For example, in the embodiments depicted in FIGS. 2A-3, the reinforcing insert 50 may have a height HI that is less than the distance between the interior surface 20a of the top wall 20 and the interior surface 22a of the bottom wall 22, such that the plurality of ridges 52 and the plurality of valleys 54 of the reinforcing insert 50 do not contact the interior surface 20a of the top wall 20 and the interior surface 22a of the bottom wall 22, respectively. However, in other embodiments, the reinforcing insert 50 may include a height HI that is equal to the distance between the interior surface 20a of the top wall 20 and the interior surface 22a of the bottom wall 22, such that the plurality of ridges 52 and the plurality of valleys 54 of the reinforcing insert 50 contact the interior surface 20a of the top wall 20 and the interior surface 22a of the bottom wall 22, respectively, when the reinforcing insert 50 is positioned within the cavity 30.

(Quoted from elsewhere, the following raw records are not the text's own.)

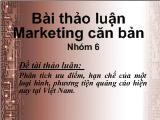 Đề tài Phân tích ưu điểm, hạn chế của một loại hình, phương tiện quảng cáo hiện nay tại Việt Nam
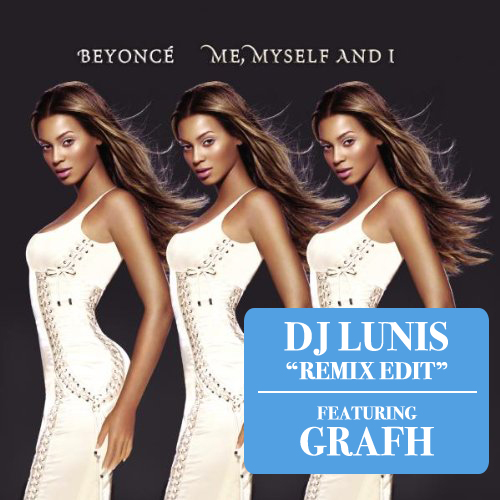 BEYONCE – ME, MYSLEF AND I… DJ LUNIS INTRO/OUT EDIT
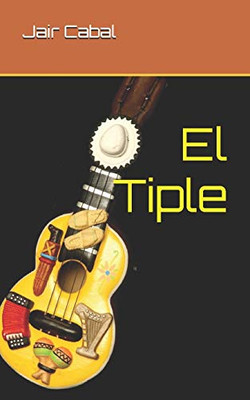 El Tiple (Spanish Edition)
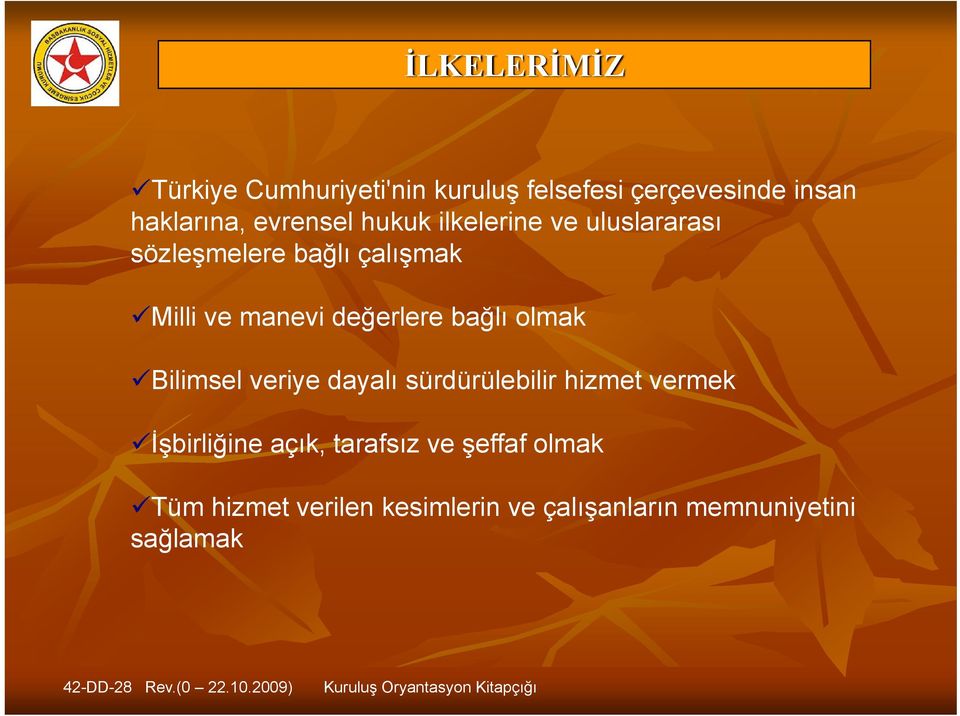 değerlere bağlı olmak Bilimsel veriye dayalı sürdürülebilir hizmet vermek İşbirliğine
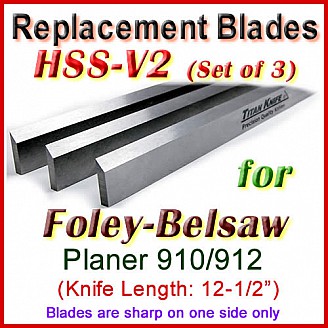 Set of 3 HSS Blades for Foley-Belsaw 12-1/2'' Planer, 910 or 912 Set of 3 HSS Blades for Foley-Belsaw 12-1/2'' Planer, 910 or 912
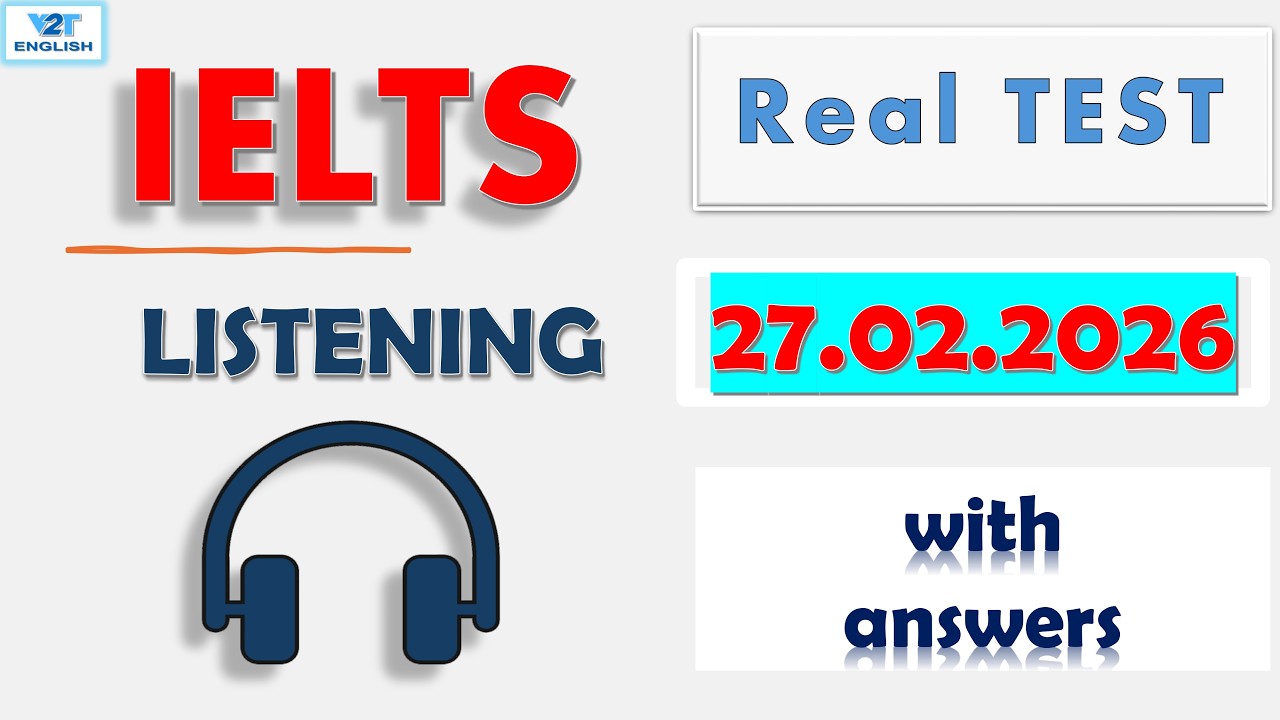 Actual IELTS Listening Test 2026 with Answers - 27.02.2026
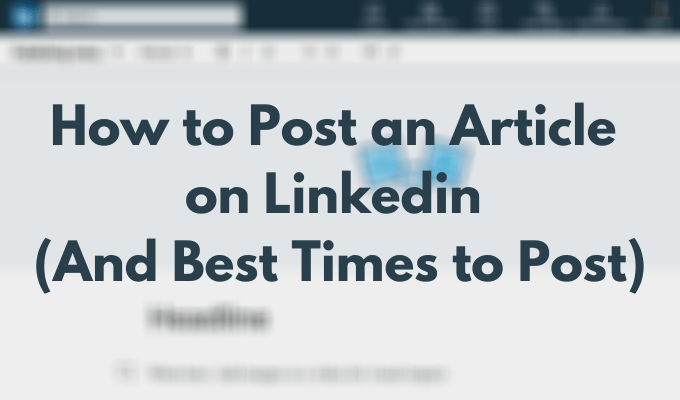 How to Post an Article on Linkedin (And Best Times to Post) image - Featured-Image-4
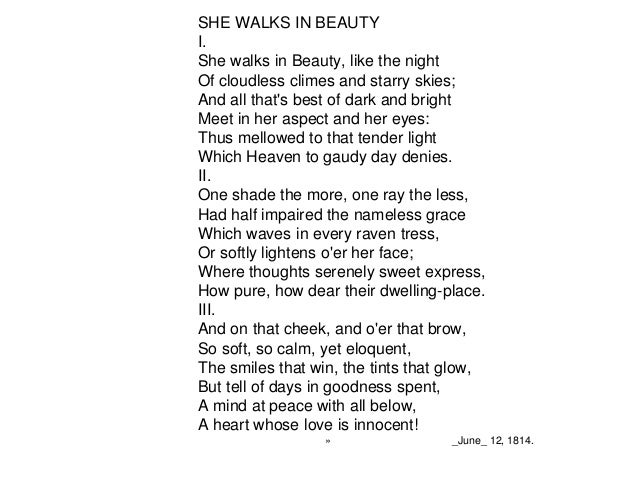 a literary analysis of she walks in beauty by george gordon noel byron Mbr bookwatch volume 5, number 4: katrina's husband gordon is hospitalized in a coma caused by a stroke and non treatment of attracted to her beauty,. a literary analysis of she walks in beauty by george gordon noel byron Mbr bookwatch volume 5, number 4: katrina's husband gordon is hospitalized in a coma caused by a stroke and non treatment of attracted to her beauty,.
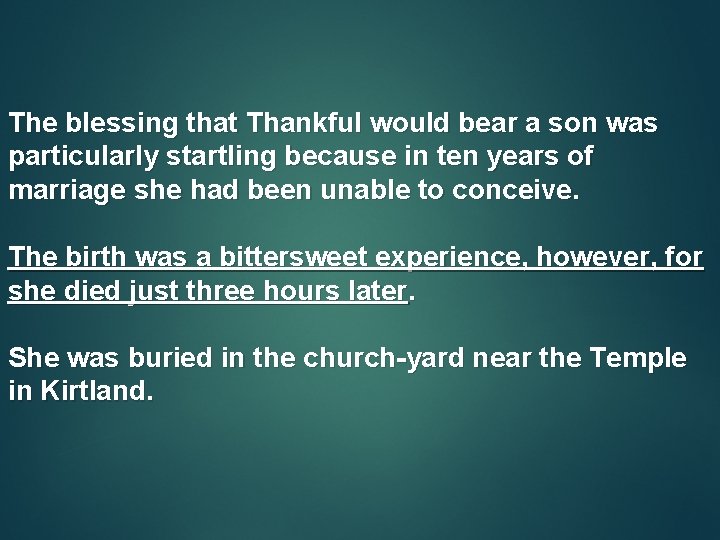 The blessing that Thankful would bear a son was particularly startling because in ten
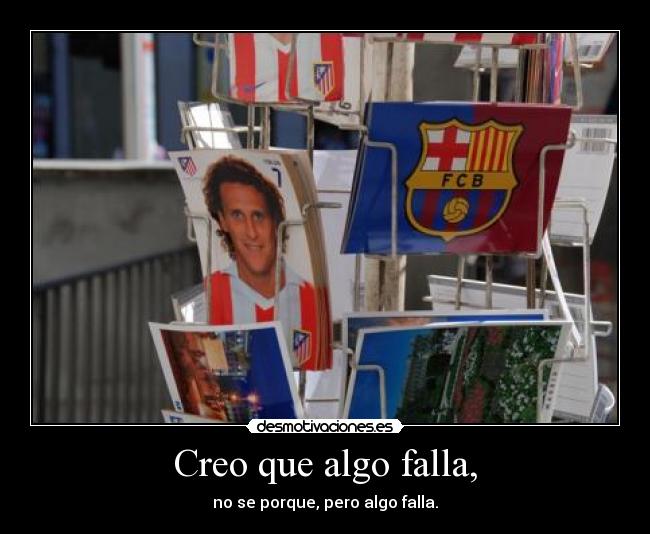 Creo que algo falla, - no se porque, pero algo falla.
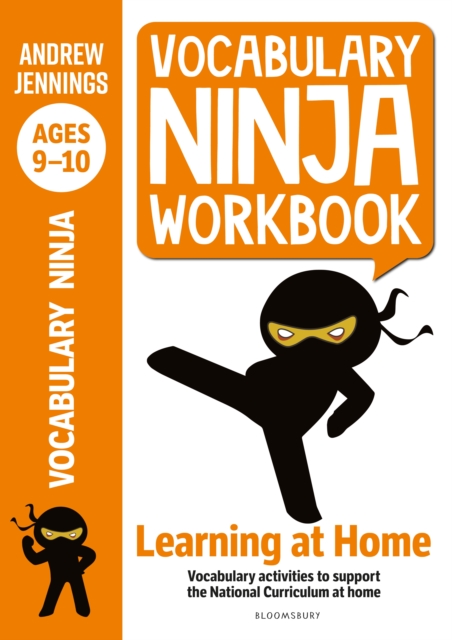 Vocabulary Ninja Workbook for Ages 9-10 : Vocabulary activities to support catch-up and home learning, PDF eBook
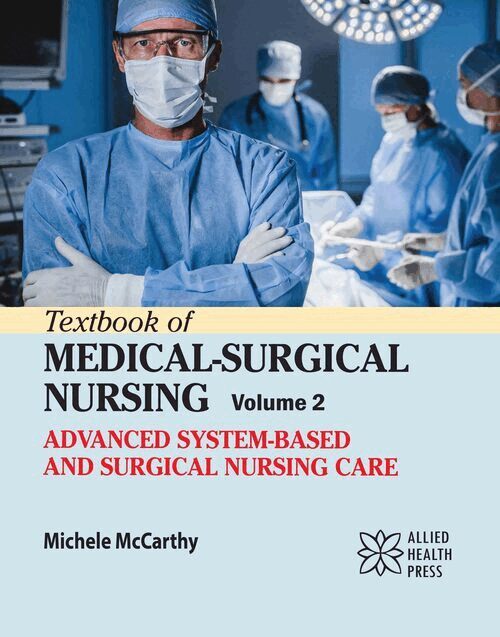 Michele McCarthy - Textbook of Medical-Surgical Nursing, Volume 2, Inbunden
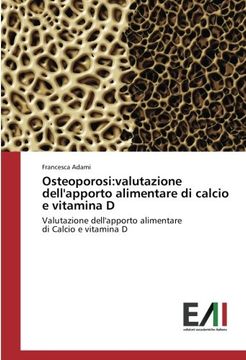 portada Osteoporosi:valutazione dell'apporto alimentare di calcio e vitamina D: Valutazione dell'apporto alimentare di Calcio e vitamina D (Italian Edition)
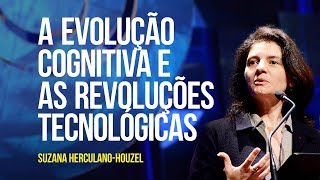 A evolução cognitiva e as revoluções tecnológicas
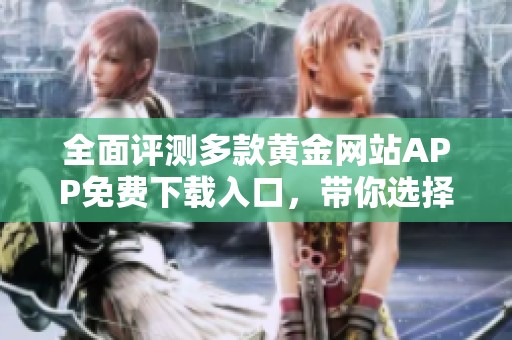 全面评测多款黄金网站APP免费下载入口，带你选择最优选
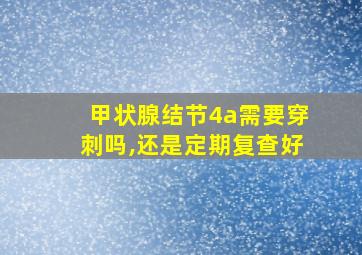 甲状腺结节4a需要穿刺吗,还是定期复查好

It should be further noted that, in some embodiments, the height HI of the reinforcing insert 50 may be determined based on a number of reinforcing inserts 50 that are positioned within the cavity 30. For example, although FIGS. 2A-3 depict the cavity 30 as having a single reinforcing insert 50, in some embodiments, a plurality of reinforcing inserts 50 may be positioned within the cavity 30. It should be understood that, in embodiments in which a plurality of reinforcing inserts 50 are positioned within the cavity 30, each of the plurality of reinforcing inserts 50 may have a lesser height HI, such that multiple reinforcing inserts 50 may be accommodated within the cavity 30. Embodiments of a battery pack frame 10 including a plurality of reinforcing inserts 50 will be described in additional detail herein with reference to FIGS. 6A-6C.
Referring now to FIGS. 2A-2C, it should be appreciated that the reinforcing insert 50 may include a variety of profiles that may be determined by the manner in which the reinforcing insert 50 oscillates between the plurality of ridges 52 and the plurality of valleys 54. In these embodiments, the reinforcing insert 50 may further include a plurality of extension members 56, that extend between each of the plurality of ridges 52 and the plurality of valleys 54 in order to provide the reinforcing insert 50 with a particular profile.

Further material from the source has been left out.